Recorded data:
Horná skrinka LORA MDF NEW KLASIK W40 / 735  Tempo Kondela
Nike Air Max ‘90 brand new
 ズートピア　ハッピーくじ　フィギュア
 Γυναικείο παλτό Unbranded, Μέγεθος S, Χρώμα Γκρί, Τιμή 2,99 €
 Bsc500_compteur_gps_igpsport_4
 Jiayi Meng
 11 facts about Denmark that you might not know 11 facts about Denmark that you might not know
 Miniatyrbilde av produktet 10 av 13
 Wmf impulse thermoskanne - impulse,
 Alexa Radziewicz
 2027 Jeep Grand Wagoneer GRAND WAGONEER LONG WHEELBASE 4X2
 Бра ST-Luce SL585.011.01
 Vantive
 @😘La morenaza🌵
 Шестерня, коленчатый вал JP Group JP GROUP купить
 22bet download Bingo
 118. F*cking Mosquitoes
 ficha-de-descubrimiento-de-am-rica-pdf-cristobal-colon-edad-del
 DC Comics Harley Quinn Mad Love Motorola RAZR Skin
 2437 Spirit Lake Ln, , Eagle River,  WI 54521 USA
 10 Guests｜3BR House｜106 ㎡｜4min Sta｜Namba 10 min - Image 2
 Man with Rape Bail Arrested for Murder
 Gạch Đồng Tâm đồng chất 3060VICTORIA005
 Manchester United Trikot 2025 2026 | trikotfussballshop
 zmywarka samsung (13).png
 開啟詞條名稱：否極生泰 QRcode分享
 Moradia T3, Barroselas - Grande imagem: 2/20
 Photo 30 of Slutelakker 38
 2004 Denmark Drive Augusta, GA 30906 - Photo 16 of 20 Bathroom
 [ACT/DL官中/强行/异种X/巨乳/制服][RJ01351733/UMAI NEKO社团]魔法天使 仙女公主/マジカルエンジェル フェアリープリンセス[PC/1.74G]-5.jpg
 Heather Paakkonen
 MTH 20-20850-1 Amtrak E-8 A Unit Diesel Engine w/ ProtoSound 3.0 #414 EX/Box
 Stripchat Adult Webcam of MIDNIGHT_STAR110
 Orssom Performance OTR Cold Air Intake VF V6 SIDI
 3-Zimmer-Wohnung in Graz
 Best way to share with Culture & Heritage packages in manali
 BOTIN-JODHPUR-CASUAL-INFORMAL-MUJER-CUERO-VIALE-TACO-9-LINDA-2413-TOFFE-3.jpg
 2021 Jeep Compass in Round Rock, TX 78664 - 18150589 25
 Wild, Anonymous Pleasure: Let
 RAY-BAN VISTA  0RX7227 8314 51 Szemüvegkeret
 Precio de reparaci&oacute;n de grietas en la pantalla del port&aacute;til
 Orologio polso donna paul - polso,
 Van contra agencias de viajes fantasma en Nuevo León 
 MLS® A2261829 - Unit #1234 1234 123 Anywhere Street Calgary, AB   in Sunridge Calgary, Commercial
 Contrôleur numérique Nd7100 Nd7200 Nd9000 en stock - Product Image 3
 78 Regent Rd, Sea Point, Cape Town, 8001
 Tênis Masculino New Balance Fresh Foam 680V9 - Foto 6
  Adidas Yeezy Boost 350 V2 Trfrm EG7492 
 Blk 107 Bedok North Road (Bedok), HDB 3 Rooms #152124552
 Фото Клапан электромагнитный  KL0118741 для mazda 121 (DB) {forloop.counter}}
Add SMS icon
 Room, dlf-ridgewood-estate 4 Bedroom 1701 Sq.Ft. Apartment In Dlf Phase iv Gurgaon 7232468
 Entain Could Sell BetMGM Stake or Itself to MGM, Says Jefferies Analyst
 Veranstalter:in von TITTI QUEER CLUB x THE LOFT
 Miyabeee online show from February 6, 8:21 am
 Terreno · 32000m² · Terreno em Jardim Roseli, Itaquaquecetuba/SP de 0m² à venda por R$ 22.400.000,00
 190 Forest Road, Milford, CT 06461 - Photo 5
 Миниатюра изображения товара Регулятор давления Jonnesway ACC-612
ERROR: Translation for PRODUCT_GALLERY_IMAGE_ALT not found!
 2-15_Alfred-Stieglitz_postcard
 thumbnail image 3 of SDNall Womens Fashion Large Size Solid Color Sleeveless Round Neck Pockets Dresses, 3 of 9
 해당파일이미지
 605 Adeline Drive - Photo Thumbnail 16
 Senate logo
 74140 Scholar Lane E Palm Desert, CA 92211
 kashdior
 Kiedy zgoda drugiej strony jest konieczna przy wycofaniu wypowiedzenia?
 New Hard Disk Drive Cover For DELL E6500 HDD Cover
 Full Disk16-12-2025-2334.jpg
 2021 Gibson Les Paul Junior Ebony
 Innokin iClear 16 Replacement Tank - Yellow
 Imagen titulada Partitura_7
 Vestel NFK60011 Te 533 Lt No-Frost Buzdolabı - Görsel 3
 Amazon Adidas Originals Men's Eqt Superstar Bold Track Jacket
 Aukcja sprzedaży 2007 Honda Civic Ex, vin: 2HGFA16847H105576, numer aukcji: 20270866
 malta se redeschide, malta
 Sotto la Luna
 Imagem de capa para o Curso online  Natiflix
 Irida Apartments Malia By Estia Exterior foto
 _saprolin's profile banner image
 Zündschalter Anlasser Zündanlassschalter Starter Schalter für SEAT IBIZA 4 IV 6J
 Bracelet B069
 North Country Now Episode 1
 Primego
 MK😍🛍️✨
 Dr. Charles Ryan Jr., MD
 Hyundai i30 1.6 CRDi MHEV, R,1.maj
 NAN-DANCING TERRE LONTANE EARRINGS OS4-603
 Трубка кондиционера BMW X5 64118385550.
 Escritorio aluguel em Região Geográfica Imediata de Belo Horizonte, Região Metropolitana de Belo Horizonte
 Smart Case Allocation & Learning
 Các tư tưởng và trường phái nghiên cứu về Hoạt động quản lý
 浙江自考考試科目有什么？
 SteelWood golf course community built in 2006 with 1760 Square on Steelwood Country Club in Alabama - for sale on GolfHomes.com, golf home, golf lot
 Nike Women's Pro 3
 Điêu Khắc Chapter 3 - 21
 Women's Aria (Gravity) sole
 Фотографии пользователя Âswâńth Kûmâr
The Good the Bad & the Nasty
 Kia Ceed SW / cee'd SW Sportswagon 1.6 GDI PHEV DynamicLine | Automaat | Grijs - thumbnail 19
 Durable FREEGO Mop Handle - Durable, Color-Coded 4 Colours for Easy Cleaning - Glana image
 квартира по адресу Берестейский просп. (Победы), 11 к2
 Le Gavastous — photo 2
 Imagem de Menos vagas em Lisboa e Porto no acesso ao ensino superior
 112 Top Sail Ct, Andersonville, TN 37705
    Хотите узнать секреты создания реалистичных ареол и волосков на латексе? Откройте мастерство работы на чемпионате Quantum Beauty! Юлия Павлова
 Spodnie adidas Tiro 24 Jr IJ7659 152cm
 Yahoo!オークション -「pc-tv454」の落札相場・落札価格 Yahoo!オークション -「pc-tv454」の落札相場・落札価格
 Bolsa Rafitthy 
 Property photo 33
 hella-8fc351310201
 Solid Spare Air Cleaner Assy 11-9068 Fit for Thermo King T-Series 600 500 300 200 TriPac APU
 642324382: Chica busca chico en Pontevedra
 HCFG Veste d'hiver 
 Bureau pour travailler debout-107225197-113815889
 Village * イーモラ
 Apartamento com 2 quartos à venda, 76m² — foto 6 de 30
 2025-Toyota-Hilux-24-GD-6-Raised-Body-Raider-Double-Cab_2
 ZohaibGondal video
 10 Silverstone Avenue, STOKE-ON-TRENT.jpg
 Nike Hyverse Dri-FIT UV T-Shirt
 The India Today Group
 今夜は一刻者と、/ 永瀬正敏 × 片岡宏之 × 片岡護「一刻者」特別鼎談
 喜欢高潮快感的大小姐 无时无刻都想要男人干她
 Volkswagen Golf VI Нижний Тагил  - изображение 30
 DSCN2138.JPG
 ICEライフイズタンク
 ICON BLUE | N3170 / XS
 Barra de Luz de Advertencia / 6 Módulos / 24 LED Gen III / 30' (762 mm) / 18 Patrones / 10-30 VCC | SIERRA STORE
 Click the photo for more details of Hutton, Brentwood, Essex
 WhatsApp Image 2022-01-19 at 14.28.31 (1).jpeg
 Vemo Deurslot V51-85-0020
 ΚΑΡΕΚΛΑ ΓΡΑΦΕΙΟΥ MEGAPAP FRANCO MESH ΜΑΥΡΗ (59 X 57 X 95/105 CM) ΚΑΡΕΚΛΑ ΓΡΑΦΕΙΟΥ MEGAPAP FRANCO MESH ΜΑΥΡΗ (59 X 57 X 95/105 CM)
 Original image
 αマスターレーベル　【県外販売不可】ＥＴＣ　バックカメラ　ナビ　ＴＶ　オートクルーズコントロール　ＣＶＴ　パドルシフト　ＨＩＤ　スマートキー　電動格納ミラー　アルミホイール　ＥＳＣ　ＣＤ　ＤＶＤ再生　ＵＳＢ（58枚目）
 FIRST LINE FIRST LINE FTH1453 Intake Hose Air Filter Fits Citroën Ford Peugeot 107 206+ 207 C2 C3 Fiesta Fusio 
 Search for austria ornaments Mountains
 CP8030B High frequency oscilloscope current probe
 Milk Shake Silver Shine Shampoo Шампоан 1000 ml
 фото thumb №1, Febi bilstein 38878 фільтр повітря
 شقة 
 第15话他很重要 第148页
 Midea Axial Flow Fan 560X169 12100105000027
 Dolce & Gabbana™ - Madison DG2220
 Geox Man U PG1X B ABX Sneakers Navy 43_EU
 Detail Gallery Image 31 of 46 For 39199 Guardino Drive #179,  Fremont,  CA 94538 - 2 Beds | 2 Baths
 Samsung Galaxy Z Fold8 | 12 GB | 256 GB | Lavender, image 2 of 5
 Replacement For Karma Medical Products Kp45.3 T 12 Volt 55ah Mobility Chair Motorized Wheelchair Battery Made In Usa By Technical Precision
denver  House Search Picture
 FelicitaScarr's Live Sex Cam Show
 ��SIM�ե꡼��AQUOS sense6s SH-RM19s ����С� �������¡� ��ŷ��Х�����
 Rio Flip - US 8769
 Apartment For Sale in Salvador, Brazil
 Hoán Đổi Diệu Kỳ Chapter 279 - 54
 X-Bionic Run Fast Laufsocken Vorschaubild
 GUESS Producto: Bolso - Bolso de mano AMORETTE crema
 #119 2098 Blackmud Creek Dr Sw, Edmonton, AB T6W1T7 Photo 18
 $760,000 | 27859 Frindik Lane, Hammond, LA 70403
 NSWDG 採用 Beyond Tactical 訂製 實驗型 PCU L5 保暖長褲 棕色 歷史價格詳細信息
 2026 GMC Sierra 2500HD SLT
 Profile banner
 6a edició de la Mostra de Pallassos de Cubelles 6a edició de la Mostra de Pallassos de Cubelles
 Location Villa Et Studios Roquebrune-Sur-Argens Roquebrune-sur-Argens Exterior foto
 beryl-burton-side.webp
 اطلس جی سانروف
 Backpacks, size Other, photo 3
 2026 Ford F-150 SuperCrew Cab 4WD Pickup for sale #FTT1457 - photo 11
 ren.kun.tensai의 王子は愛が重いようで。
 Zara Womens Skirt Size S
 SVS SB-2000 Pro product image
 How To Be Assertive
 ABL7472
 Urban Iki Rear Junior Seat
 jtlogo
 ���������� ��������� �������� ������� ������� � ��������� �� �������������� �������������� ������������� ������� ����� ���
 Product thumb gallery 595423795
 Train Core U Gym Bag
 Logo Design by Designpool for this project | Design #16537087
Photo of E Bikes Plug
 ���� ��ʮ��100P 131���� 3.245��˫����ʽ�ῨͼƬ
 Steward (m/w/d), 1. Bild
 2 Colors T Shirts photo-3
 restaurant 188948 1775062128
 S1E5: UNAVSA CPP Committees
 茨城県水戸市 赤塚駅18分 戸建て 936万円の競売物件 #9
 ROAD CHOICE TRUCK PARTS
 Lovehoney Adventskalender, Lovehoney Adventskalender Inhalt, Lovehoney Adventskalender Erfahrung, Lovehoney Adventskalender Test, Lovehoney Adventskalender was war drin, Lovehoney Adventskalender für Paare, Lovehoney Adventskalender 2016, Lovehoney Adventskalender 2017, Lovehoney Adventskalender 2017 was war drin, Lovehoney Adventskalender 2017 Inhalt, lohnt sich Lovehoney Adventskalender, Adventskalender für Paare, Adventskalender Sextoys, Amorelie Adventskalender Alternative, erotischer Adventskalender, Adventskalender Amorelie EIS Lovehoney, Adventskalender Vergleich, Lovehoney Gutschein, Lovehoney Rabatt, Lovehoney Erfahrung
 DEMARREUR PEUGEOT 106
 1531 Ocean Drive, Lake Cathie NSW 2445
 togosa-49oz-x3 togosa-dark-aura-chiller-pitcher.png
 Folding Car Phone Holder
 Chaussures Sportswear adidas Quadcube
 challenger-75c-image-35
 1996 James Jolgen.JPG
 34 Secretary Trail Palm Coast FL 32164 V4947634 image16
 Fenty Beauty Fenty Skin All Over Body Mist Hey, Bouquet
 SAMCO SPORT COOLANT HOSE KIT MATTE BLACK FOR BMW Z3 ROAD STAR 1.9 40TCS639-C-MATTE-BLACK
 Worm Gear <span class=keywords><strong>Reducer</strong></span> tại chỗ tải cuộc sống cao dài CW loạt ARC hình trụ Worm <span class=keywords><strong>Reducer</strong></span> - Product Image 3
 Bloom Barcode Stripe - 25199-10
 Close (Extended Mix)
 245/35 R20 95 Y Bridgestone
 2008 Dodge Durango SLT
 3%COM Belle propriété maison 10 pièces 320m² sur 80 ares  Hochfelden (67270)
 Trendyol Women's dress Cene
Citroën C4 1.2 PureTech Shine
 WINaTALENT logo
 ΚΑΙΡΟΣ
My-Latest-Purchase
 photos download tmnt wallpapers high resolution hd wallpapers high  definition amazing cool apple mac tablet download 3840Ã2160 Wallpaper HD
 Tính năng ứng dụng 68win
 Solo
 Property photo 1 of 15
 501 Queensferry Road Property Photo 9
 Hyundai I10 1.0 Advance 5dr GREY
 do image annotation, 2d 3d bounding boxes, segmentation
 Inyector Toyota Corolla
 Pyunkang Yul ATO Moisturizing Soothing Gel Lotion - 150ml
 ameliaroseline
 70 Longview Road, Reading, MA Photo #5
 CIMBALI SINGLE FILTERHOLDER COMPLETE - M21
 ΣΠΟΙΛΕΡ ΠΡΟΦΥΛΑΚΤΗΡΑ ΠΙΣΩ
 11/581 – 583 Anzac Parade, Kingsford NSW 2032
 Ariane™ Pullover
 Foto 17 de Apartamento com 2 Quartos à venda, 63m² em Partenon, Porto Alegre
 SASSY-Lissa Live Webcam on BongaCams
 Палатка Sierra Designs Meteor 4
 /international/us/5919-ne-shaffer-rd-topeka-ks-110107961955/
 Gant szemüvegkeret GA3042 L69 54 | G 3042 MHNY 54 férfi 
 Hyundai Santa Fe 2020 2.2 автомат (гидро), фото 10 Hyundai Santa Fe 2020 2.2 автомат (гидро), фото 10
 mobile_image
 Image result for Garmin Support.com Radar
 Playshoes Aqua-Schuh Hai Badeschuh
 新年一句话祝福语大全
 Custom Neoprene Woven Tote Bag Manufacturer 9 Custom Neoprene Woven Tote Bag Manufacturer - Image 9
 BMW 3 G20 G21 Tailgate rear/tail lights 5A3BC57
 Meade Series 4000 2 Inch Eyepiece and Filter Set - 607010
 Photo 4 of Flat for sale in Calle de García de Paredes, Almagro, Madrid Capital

Task prompt
Write down again, exactly as given, only the lines above that fall from the line with "How To Be Assertive" to the line with "My-Latest-Purchase", inclusive.

Task output
 How To Be Assertive
 ABL7472
 Urban Iki Rear Junior Seat
 jtlogo
 ���������� ��������� �������� ������� ������� � ��������� �� �������������� �������������� ������������� ������� ����� ���
 Product thumb gallery 595423795
 Train Core U Gym Bag
 Logo Design by Designpool for this project | Design #16537087
Photo of E Bikes Plug
 ���� ��ʮ��100P 131���� 3.245��˫����ʽ�ῨͼƬ
 Steward (m/w/d), 1. Bild
 2 Colors T Shirts photo-3
 restaurant 188948 1775062128
 S1E5: UNAVSA CPP Committees
 茨城県水戸市 赤塚駅18分 戸建て 936万円の競売物件 #9
 ROAD CHOICE TRUCK PARTS
 Lovehoney Adventskalender, Lovehoney Adventskalender Inhalt, Lovehoney Adventskalender Erfahrung, Lovehoney Adventskalender Test, Lovehoney Adventskalender was war drin, Lovehoney Adventskalender für Paare, Lovehoney Adventskalender 2016, Lovehoney Adventskalender 2017, Lovehoney Adventskalender 2017 was war drin, Lovehoney Adventskalender 2017 Inhalt, lohnt sich Lovehoney Adventskalender, Adventskalender für Paare, Adventskalender Sextoys, Amorelie Adventskalender Alternative, erotischer Adventskalender, Adventskalender Amorelie EIS Lovehoney, Adventskalender Vergleich, Lovehoney Gutschein, Lovehoney Rabatt, Lovehoney Erfahrung
 DEMARREUR PEUGEOT 106
 1531 Ocean Drive, Lake Cathie NSW 2445
 togosa-49oz-x3 togosa-dark-aura-chiller-pitcher.png
 Folding Car Phone Holder
 Chaussures Sportswear adidas Quadcube
 challenger-75c-image-35
 1996 James Jolgen.JPG
 34 Secretary Trail Palm Coast FL 32164 V4947634 image16
 Fenty Beauty Fenty Skin All Over Body Mist Hey, Bouquet
 SAMCO SPORT COOLANT HOSE KIT MATTE BLACK FOR BMW Z3 ROAD STAR 1.9 40TCS639-C-MATTE-BLACK
 Worm Gear <span class=keywords><strong>Reducer</strong></span> tại chỗ tải cuộc sống cao dài CW loạt ARC hình trụ Worm <span class=keywords><strong>Reducer</strong></span> - Product Image 3
 Bloom Barcode Stripe - 25199-10
 Close (Extended Mix)
 245/35 R20 95 Y Bridgestone
 2008 Dodge Durango SLT
 3%COM Belle propriété maison 10 pièces 320m² sur 80 ares  Hochfelden (67270)
 Trendyol Women's dress Cene
Citroën C4 1.2 PureTech Shine
 WINaTALENT logo
 ΚΑΙΡΟΣ
My-Latest-Purchase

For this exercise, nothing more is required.